Could you copy every entry exactly, dropping the pictures?

Pictures with short captions:
◆ ◆ ◆ ◆ ◆

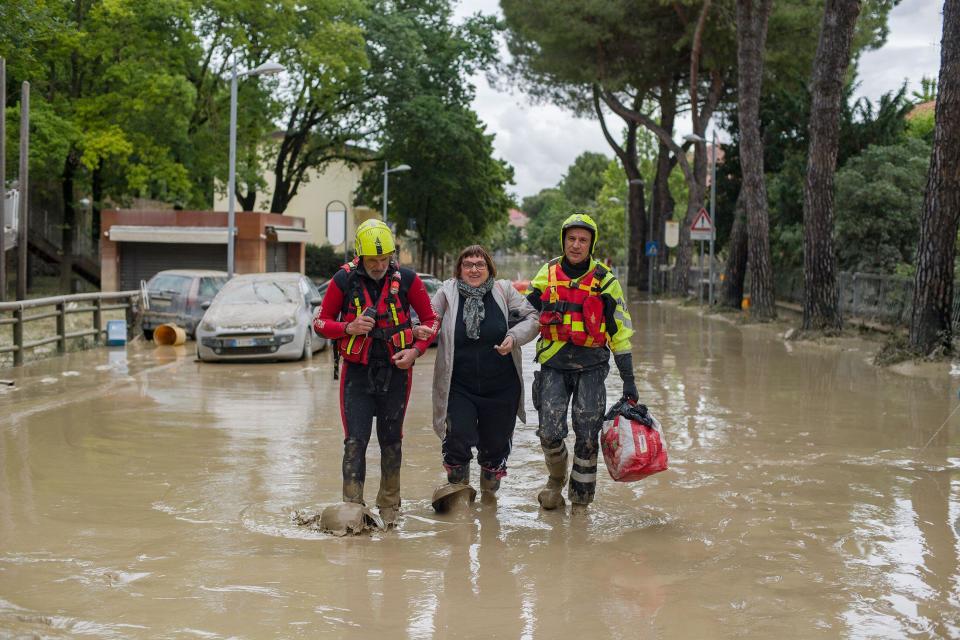 Firefighters help a woman reach safety in Faenza. (Reuters)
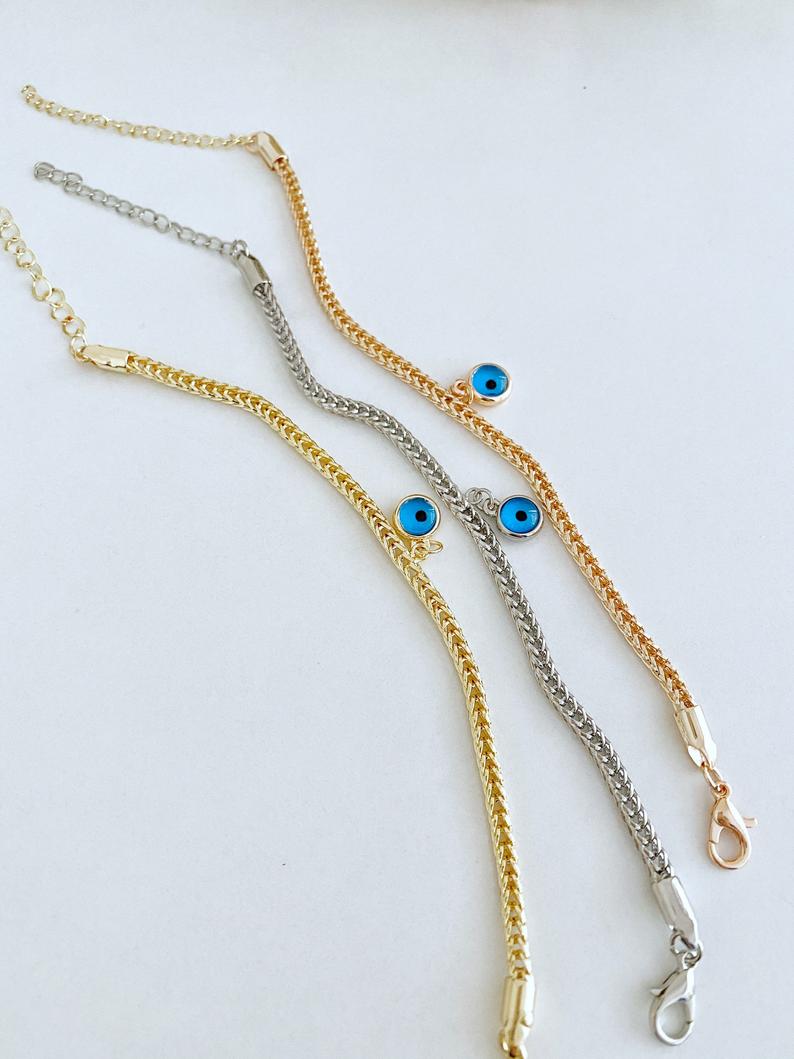 Evil Eye Chain Bracelet featuring a blue evil eye bead on a rose gold Byzantine chain, showcasing intricate design and elegance.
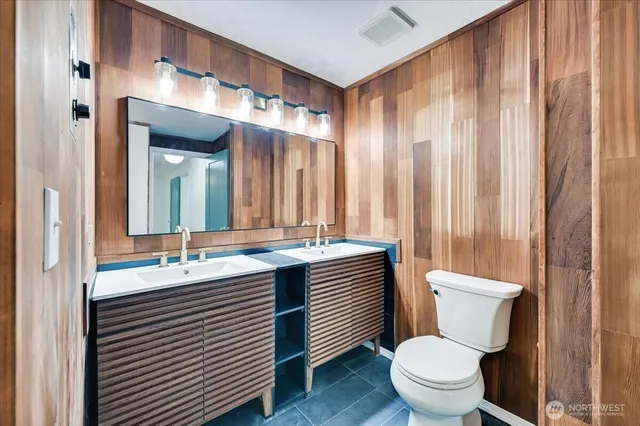 a bathroom with a double vanity sink toilet and a mirror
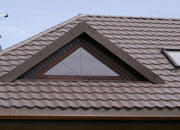 Blachodachówka na dachu domku jednorodzinnego z daleka bardzo przypomina zwykłą dachówkę ceramiczną.
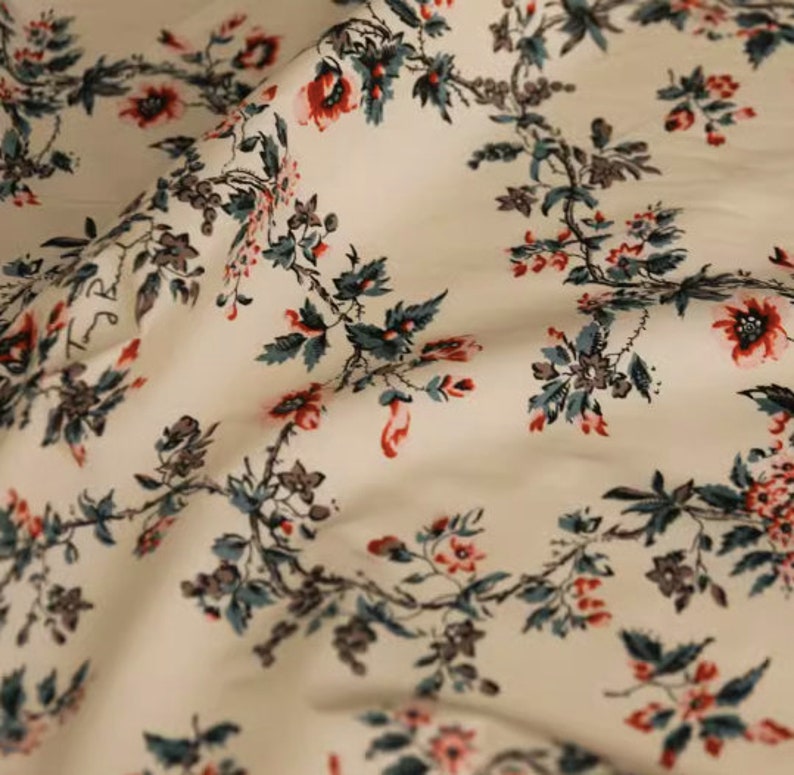 May include: White fabric with a repeating floral pattern. The flowers are red and pink with green leaves.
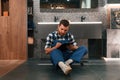 Sitting on the floor with notepad in hands. Plumber in blue uniform is at work in the bathroom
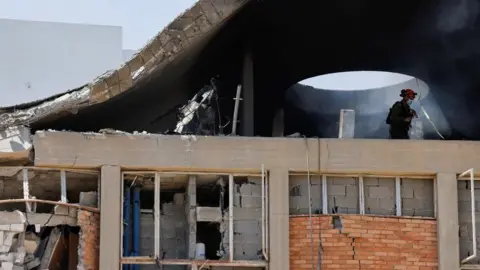 n Emergency worker inspects an impact site, following a missile strike from Iran on Israel, at Soroka Medical Center, in Be'er Sheva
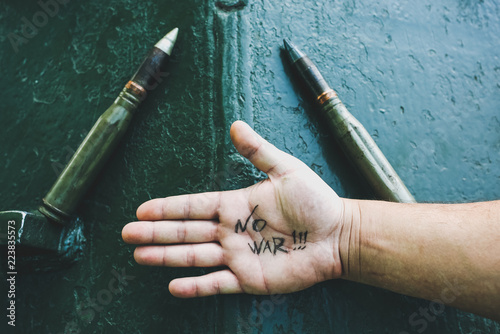 No war sign concept is written on the hand palm. Man is standing near the old tank from the Second World. Armored fighting vehicle as a memory monument in peaceful times.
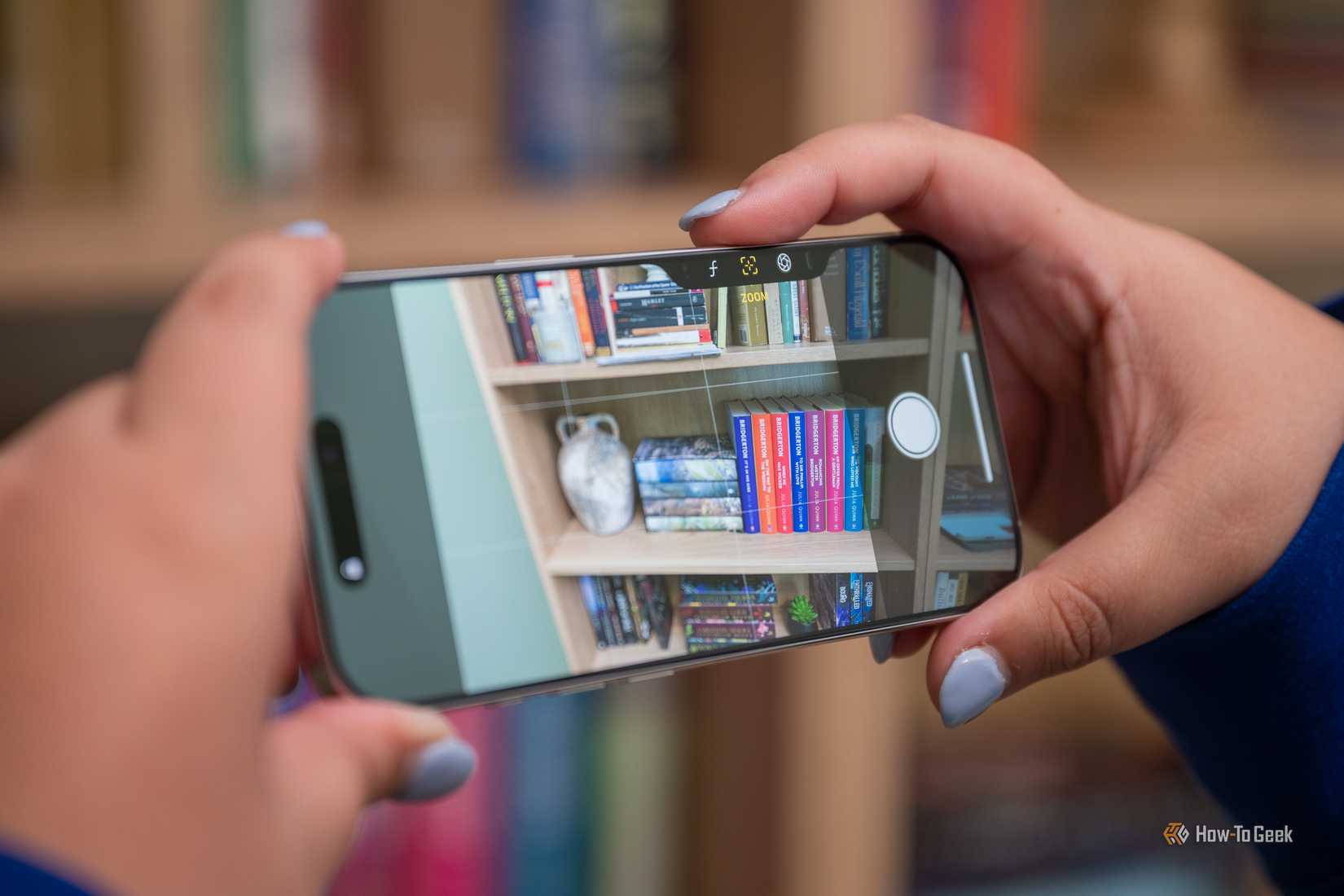 Person taking a picture with the Apple iPhone 16 Pro Camera Control button in landscape.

◆ ◆ ◆ ◆ ◆

THE COMPLETED TASK:
 Firefighters help a woman reach safety in Faenza. (Reuters)
 Evil Eye Chain Bracelet featuring a blue evil eye bead on a rose gold Byzantine chain, showcasing intricate design and elegance.
 a bathroom with a double vanity sink toilet and a mirror
 Blachodachówka na dachu domku jednorodzinnego z daleka bardzo przypomina zwykłą dachówkę ceramiczną.
 May include: White fabric with a repeating floral pattern. The flowers are red and pink with green leaves.
 Sitting on the floor with notepad in hands. Plumber in blue uniform is at work in the bathroom
 n Emergency worker inspects an impact site, following a missile strike from Iran on Israel, at Soroka Medical Center, in Be'er Sheva
 No war sign concept is written on the hand palm. Man is standing near the old tank from the Second World. Armored fighting vehicle as a memory monument in peaceful times.
 Person taking a picture with the Apple iPhone 16 Pro Camera Control button in landscape.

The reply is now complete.